Üretici firmalardaki ihracat departmanının öneminden bahseder misiniz?

“Bir kurumun ihracat departmanı şirkete iç pazardaki sıcak paranın yanı sıra piyasada yaşanan kriz dönemlerinde veya ihtiyaç duyulduğunda gerekli olacak nakit girişini sağlayan bir birimdir. 4 -5 sene öncesine kadar Türkiye’de ekonomi çok stabil bir seyir izlemiyordu. Ekonomideki dalgalanmalar şirketlerin nakit akışlarını olumsuz etkileyen faktördü. İşte bu dönemde şirketler sıcak para kaynağı bulabilmek için dış pazarlara yani ihracata yöneldiler. Aslında biz boru işiyle uğraşan ve üretim yapan şirketler olarak ihracatta çok büyük bir geçmişe sahip değiliz. Boru ihracatı ciddi olarak son 6 -7 yıldır Türkiye’de gerçekleşmekte. Ben 1996 yılından bu yana bu sektörün içindeyim. Sektöre ilk girdiğim şirkette boru ihracatı yok denecek kadar azdı ve sadece bir ülkeye ihracat yapılıyordu. Bu konunun üzerinde yoğun çaba harcayarak yeni pazarlar edindik. Tabi yıllar geçtikçe emeğimizin karşılığını almaya başladık. Dolayısıyla ihracat departmanları şirketler için hem risklerin dağıtılması hem de yurt dışındaki değişimlerle ve yeniliklerle ilgili fikirler veren penceredir.

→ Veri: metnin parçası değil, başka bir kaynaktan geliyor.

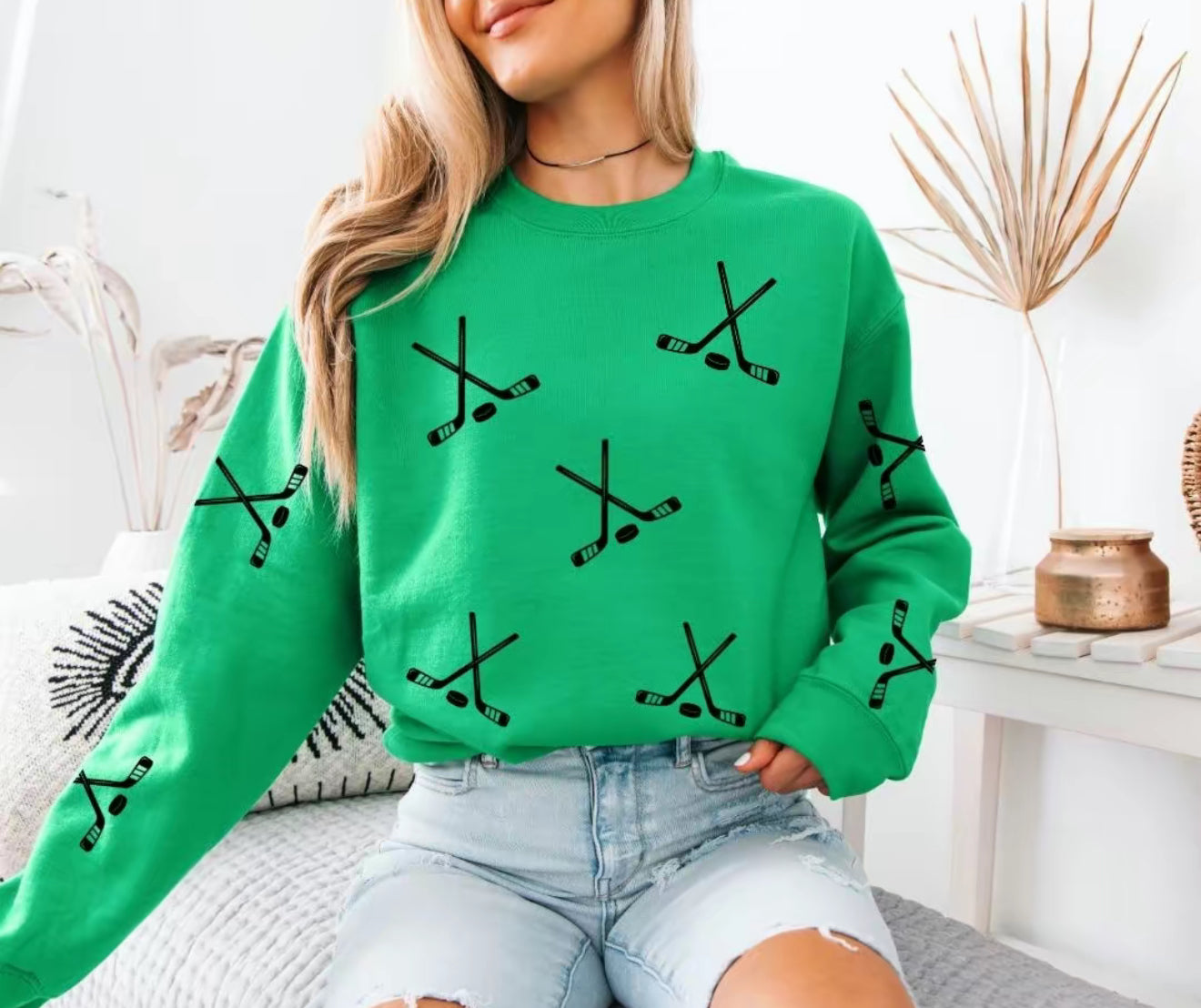 Hockey Sweatshirt – Game Day Pullover, Grey Crewneck with Hockey Stick & Puck Print for Women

Ancak bu durum sırf ihracat yapalım düşüncesiyle hareket edilmesi anlamına gelmemeli. Bir kurumun hem iç pazarı hem de dış pazarı dengeli olmalı. Bu o anki pazar durumuna göre %60 ile %40 oranlarında değişebilir. Bu yüzdenin fazla açılmamasında fayda var. İç pazardaki satış politikalarıyla vadelerle paranın değeriyle, yurt dışından gelecek dövizin şirket ihtiyaçlarını karşılama durumu çok fark edebilir o yüzden şirket olarak ikisinden biri tercih etme durumunda kalabilirsiniz. Örneğin Türkiye’de boru sektöründe yapılan iç satışlar 5 -6 hatta 12 ay vadeli yapılırken, ihracatta 3 - 4 ay vade oluyor. Firmamızdaki ihracat departmanı 5 senedir faaliyette. Beş sene içerisinde büyük aşamalar kaydettik. İlk işe başladığımızda Novaplast’ın ihracatı yine vardı. Fakat biz, ihracat yaptığımız ülkelerin sayısını arttırdık. Her pazara hitap eden, iç ve dış pazarda eşit satışlar yapar duruma geldik. Gelecek seneler için ihracatta önemli bir artışlar hedefliyoruz.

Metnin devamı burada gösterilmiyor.